*Work instruction:* Only the lines from the one containing "被虚晃一枪医学专家Jesse" through the last line of the data below belong in your answer, copied exactly and without pictures.

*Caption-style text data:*
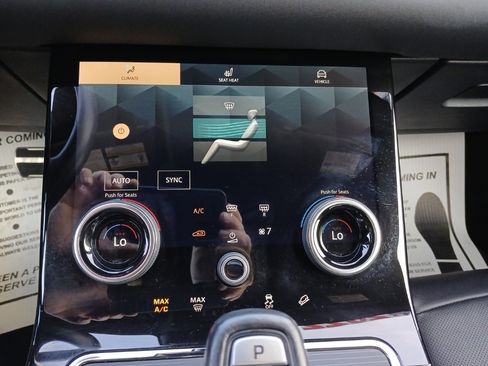 Used 2022 Land Rover Range Rover Evoque R-Dynamic SE image 17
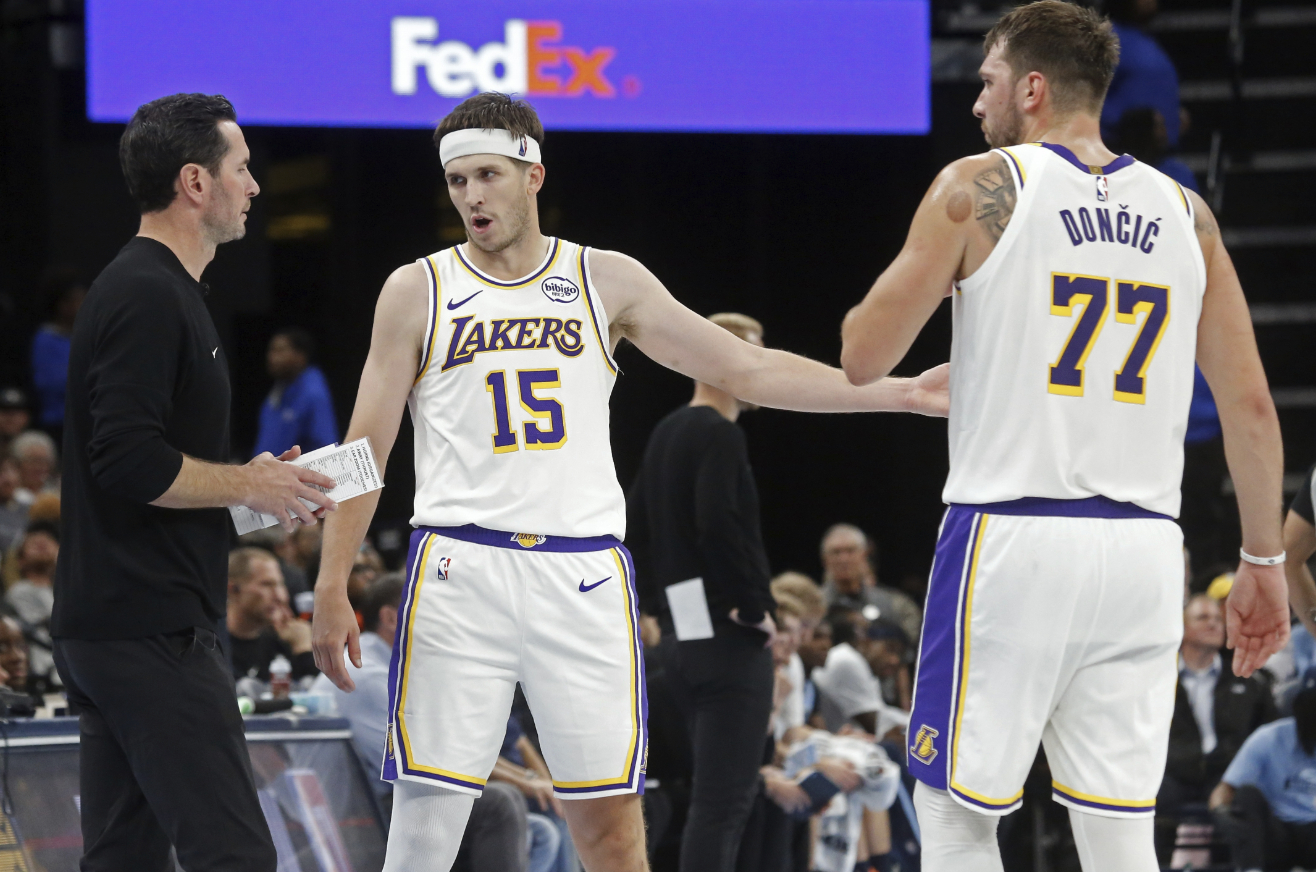 被虚晃一枪医学专家Jesse Morse发推：“据报道，东契奇将和里夫斯一同前往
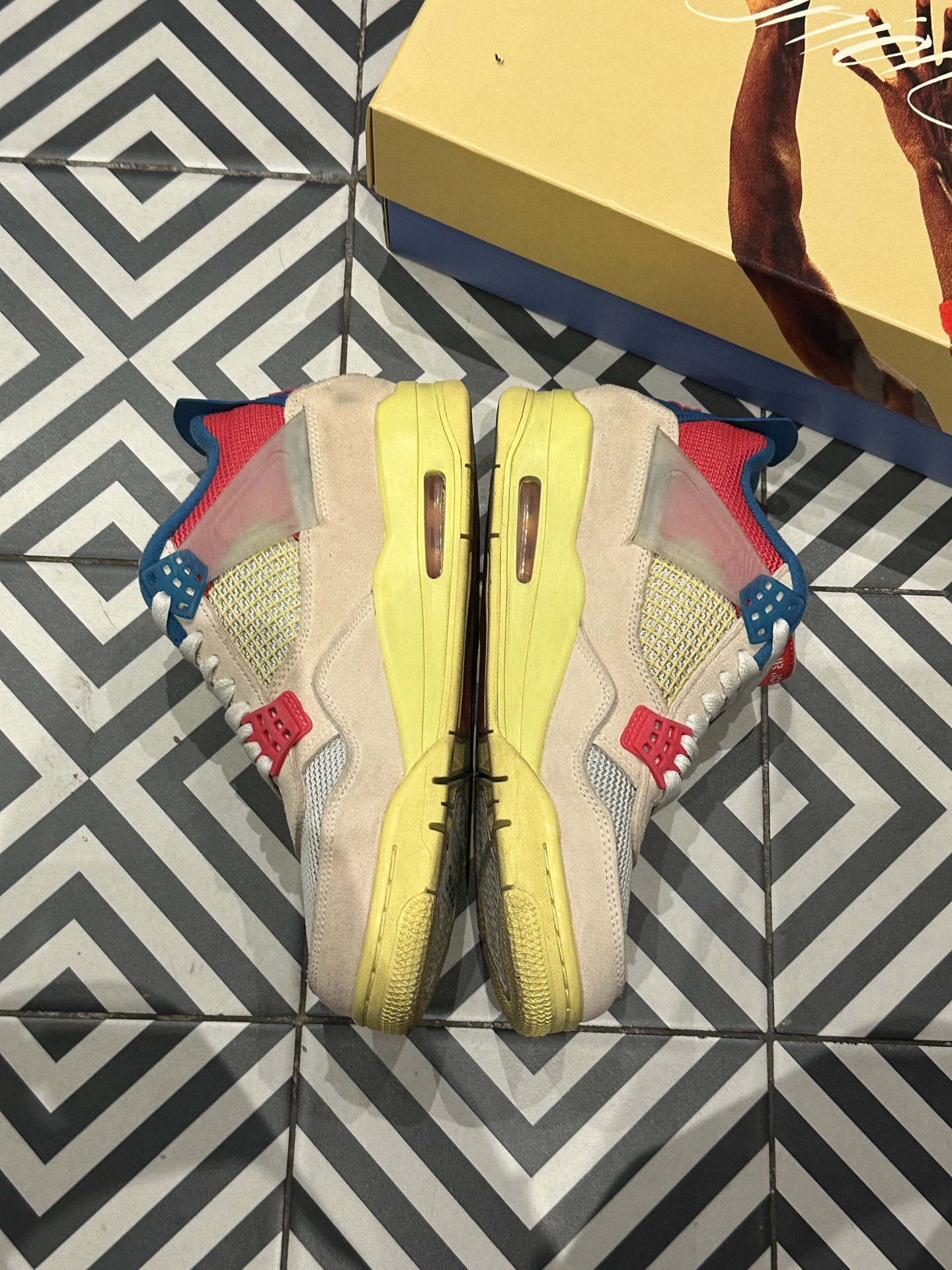 Jordan 4 Union Guava Ice (Taille 41)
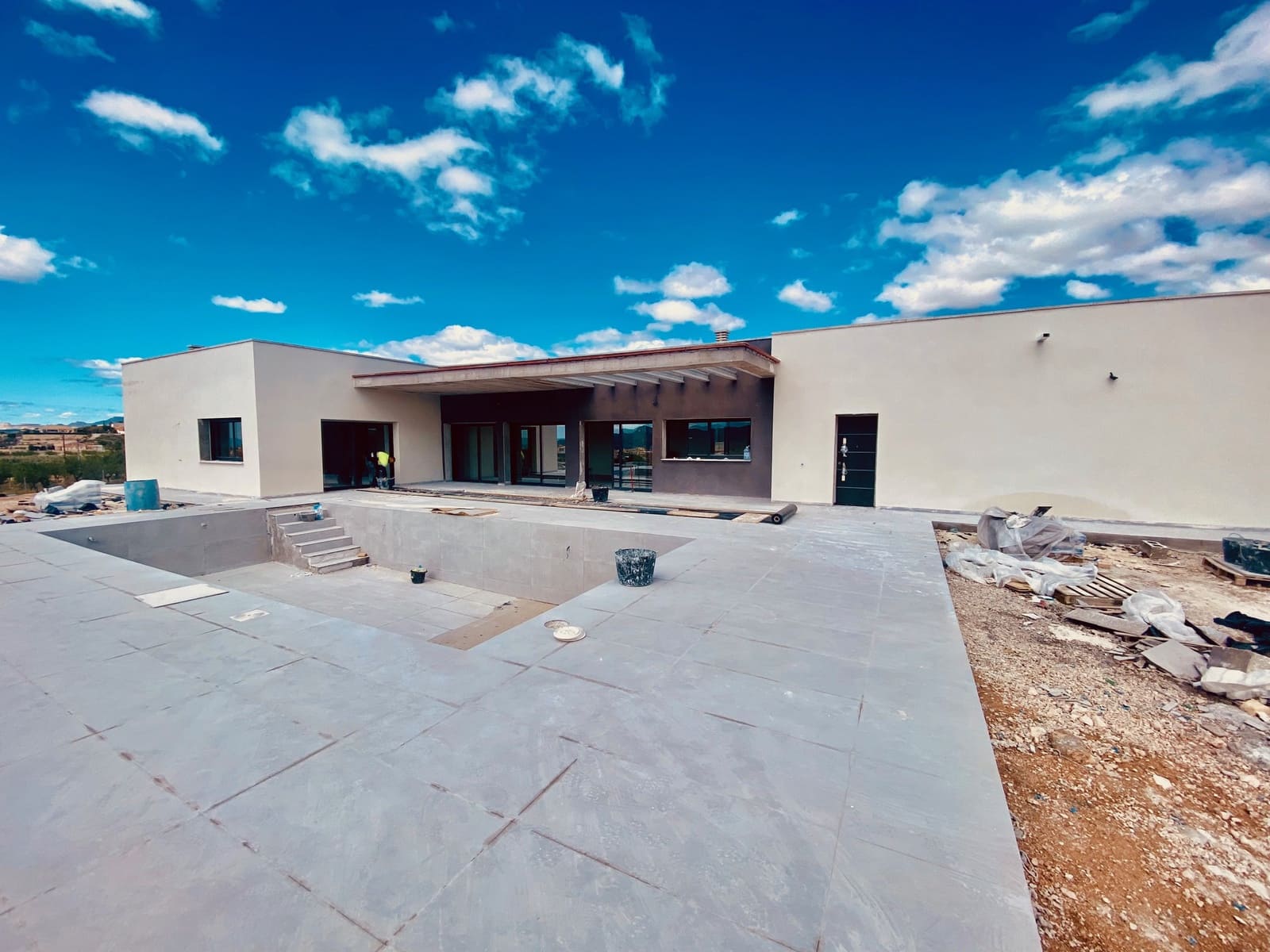 3 makuuhuone Huvila myytävänä paikassa Macisvenda mukana uima-altaan 
autotalli - 419 950 € (Ref: 9778972)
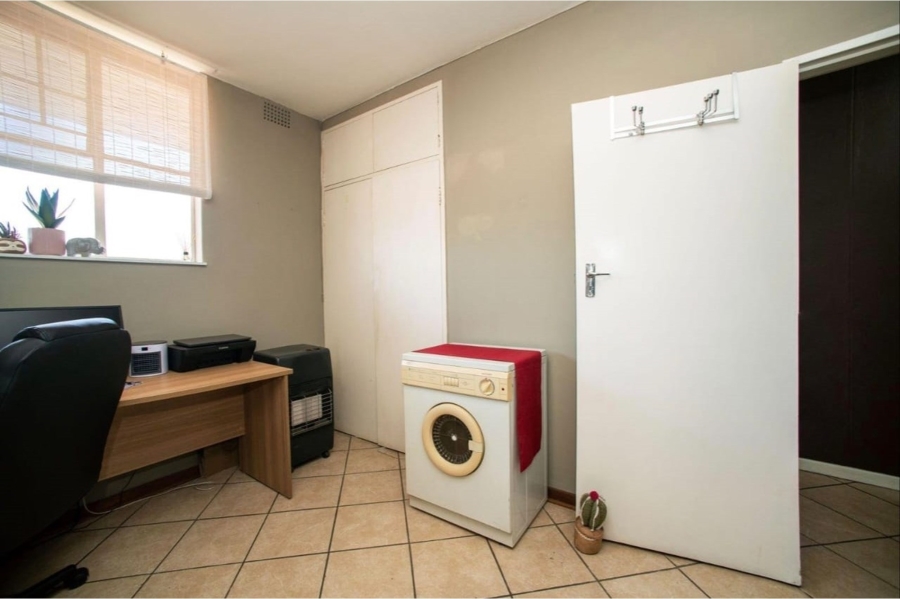 2 Bedroom Property for Sale in Morehill Gauteng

*Answer to this exercise:*
 被虚晃一枪医学专家Jesse Morse发推：“据报道，东契奇将和里夫斯一同前往
 Jordan 4 Union Guava Ice (Taille 41)
 3 makuuhuone Huvila myytävänä paikassa Macisvenda mukana uima-altaan 
autotalli - 419 950 € (Ref: 9778972)
 2 Bedroom Property for Sale in Morehill Gauteng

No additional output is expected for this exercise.